Pierre Boussanga Monné a dirigé Sidwaya de février 1991 à juin 1993. Sous son leadership, l'ancien DG a apporté sa touche à l'édification du quotidien. Dans cet entretien, M. Monné nous fait découvrir un pan de l'histoire du « Journal de tous les Burkinabè » ainsi que les initiatives développées à l'époque. Il aborde aussi les défis à relever par le journal.
Sidwaya (S): Qui est Pierre Boussanga Monné ?
Pierre Boussanga Monné (P.B.M.) : Je suis né le 20 décembre 1957 à Accra au Ghana. Je suis fonctionnaire à la retraite, marié, père de 4 enfants. J'ai fait mes études universitaires à l'Ecole supérieure de droit (ESD) à l'Université de Ouagadougou de 1978 à 1980. Après mon cursus universitaire, j'ai été admis à l'Institut national de la jeunesse et des sports (INJS) de Yaoundé, au Cameroun, de 1980 à 1984 où j'ai obtenu le diplôme de conseiller principal de jeunesse et d'animation. A la fin de ma formation, j'ai intégré la Fonction publique en octobre 1984 et j'ai été mis à la disposition du Secrétariat général des Comités de défense de la révolution (CDR), plus précisément à la direction des CDR géographiques en qualité de chargé des relations interministérielles.
Durant ma carrière professionnelle, j'ai été respectivement directeur des études et de la planification à la Coordination nationale des structures populaires (CNSP), de mars à octobre 1987, chef de division formation politique à la CNSP, de juin 1989 à juillet 1990, directeur de rédaction du journal « Jama », chef du département Planification au Secrétariat à l'organisation du Front populaire avant d'être nommé directeur général des Editions Sidwaya en février 1991 et ce, jusqu'en mai 1993. Je dois rappeler que j'ai volontairement demandé qu'on me relève de mes fonctions car n'étant pas journaliste de formation, j'ai estimé qu'il y avait suffisamment de journalistes compétents pour occuper le poste.
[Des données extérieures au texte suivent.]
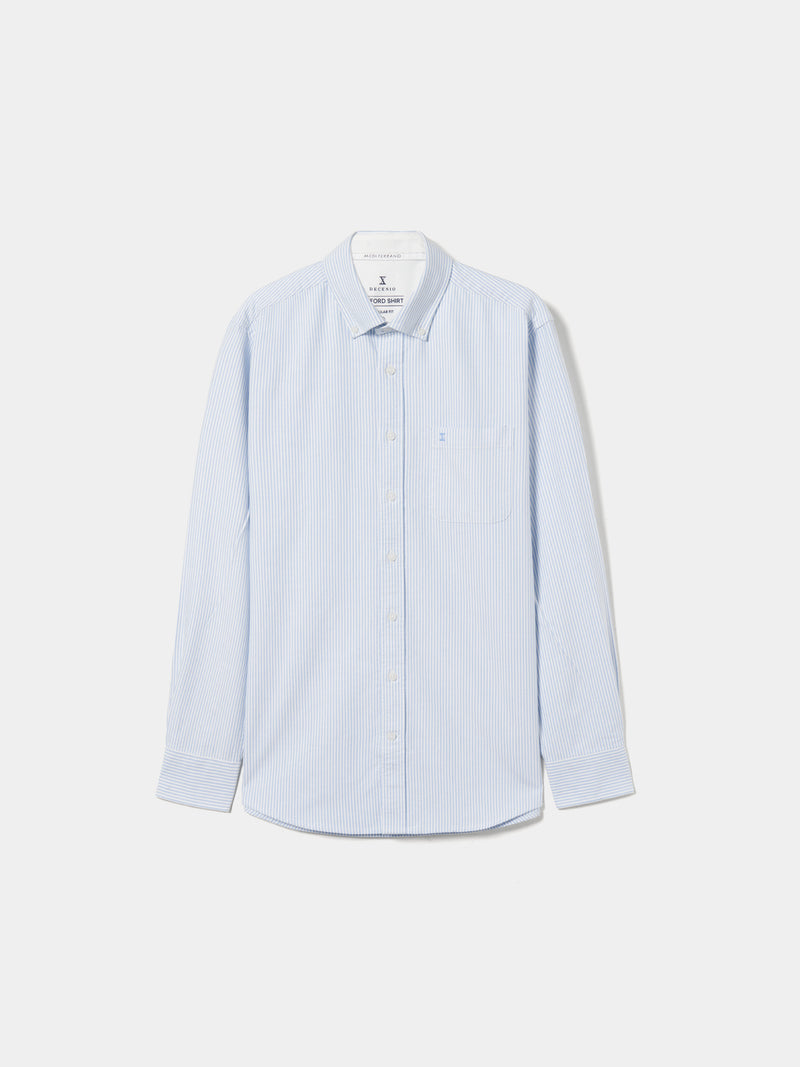 Camisa oxford regular fit às riscas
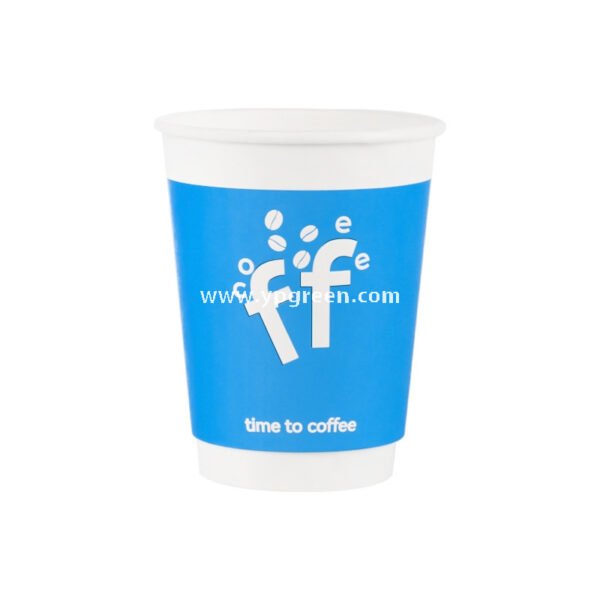 12oz 380ml Light Blue Hollow Coffee Paper Cup + Coffee Hand-Carry Tyvek Bag | Insulated Disposable Cup Set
Après ce poste, j'ai été affecté en février 1994 au projet « Epopée des Mossé » en qualité de producteur délégué. En 2002, j'ai été remis à la disposition du ministère du Travail, de l'Emploi et de la Jeunesse en qualité de chargé d'études, puis inspecteur technique des services à l'inspection générale des services dudit ministère.
S : Vous avez dirigé Sidwaya du 6 février 1991 au 9 juin 1993. Quelle était la vision de Sidwaya qui se voulait « La voix de la Révolution » surtout qu'il s'agissait de l'après-« Rectification ».
P.B.M. : Quand j'ai été nommé à Sidwaya, j'étais le seul nommé à la direction générale. Le statut administratif du journal n'a pas changé. Nous avons poursuivi le travail en gardant à l'esprit que c'est un journal de tous les Burkinabè car tous les Burkinabè n'étaient pas révolutionnaires en son temps. Mais ce qui a été intéressant, c'est qu'en tant que responsable nommé, nous nous devions à l'époque de relayer tous les mots d'ordre, toutes les directives des instances politiques dans le journal.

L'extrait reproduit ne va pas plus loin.